Tips Memilih Investasi yang Tepat Agar Terhindar dari Investasi Bodong

Korban investasi bodong seolah tak pernah ada habisnya. Modusnya macam-macam, mulai dari investasi tas branded, arisan online, P2P lending illegal, money game dengan skema ponzi, sampai yang mengaku punya bisnis dan akhirnya ngajak orang untuk mau investasi. 

Kalau kamu ragu apakah investasi yang ditawarkan legal atau tidak, ada beberapa ciri-ciri yang harus kamu waspadai. Misalnya, imbal hasil yang ditawarkan sangat tinggi dengan waktu yang relatif singkat. Kemudian alur penawaran yang tidak resmi, diminta mencari nasabah baru, hingga perusahaan dan jenis produk tidak transparan.

Tawaran imbal hasil yang tinggi ini sering kali membuat orang-orang langsung tergoda. Agar lebih meyakinkan, biasanya ada sejumlah testimoni palsu yang dibuat sedemikian rupa yang mengklaim bahwa keuntungannya sesuai dan diberikan tepat waktu. 

Supaya nggak jadi korban, kamu harus jeli dan nggak mudah percaya begitu saja tawaran investasi yang ada. Pertama, pelajari jenis-jenis investasi yang legal dan diawasi Otoritas Jasa Keuangan (OJK) dan cari tahu keuntungan hingga risikonya. Kedua, pastikan juga perusahaan yang menawarkan produk investasi ini sudah terdaftar dan diawasi oleh Otoritas Jasa Keuangan (OJK). 

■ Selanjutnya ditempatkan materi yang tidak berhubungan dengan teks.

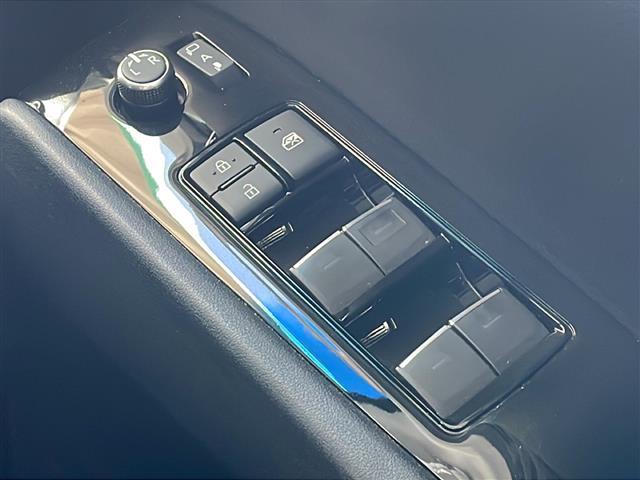 アルファード 2.5S 純正メーカーDA・フルセグTV 純正CD・DVDデッキ 純正フリップダウンモニター 両側パワースライドドア ETC ドライブレコーダー 純正18インチアルミ レーダークルーズコントロール(29枚目)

Hal tersebut sesuai dengan pesan yang disampaikan oleh OJK agar masyarakat selalu ingat “Legal dan Logis” dalam berinvestasi. Saat ini ada banyak instrumen investasi yang bisa kamu pilih, mulai dari investasi di obligasi, emas batangan, deposito, investasi saham, dan investasi reksa dana.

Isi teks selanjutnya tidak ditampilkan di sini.